**Problem**
Stop after the line with "Strumenti musicali: Flûte"; until then, please copy every line of the records word for word from the first.

**Stored entries**
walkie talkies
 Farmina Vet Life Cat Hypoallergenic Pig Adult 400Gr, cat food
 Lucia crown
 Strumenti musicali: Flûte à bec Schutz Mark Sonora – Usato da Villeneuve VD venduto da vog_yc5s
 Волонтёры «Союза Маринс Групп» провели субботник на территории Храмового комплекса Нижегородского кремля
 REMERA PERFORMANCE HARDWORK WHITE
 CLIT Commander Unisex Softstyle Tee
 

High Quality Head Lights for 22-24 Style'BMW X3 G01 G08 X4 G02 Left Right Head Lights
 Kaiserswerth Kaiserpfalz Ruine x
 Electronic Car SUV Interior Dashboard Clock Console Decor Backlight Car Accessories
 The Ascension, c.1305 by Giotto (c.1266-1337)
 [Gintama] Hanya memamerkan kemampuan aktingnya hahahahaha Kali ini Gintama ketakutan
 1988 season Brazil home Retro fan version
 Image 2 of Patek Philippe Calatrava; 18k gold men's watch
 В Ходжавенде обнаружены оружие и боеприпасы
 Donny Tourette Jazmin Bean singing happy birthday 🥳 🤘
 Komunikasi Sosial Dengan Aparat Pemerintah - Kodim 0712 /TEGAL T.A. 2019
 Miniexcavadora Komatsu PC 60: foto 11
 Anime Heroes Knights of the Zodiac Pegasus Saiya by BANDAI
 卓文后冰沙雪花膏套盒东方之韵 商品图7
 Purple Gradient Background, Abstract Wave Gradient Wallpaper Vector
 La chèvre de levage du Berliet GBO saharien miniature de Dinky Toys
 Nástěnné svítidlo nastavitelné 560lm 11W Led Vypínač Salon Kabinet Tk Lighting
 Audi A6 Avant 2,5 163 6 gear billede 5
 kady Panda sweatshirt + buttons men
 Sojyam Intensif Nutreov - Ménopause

**Written solution**
walkie talkies
 Farmina Vet Life Cat Hypoallergenic Pig Adult 400Gr, cat food
 Lucia crown
 Strumenti musicali: Flûte à bec Schutz Mark Sonora – Usato da Villeneuve VD venduto da vog_yc5s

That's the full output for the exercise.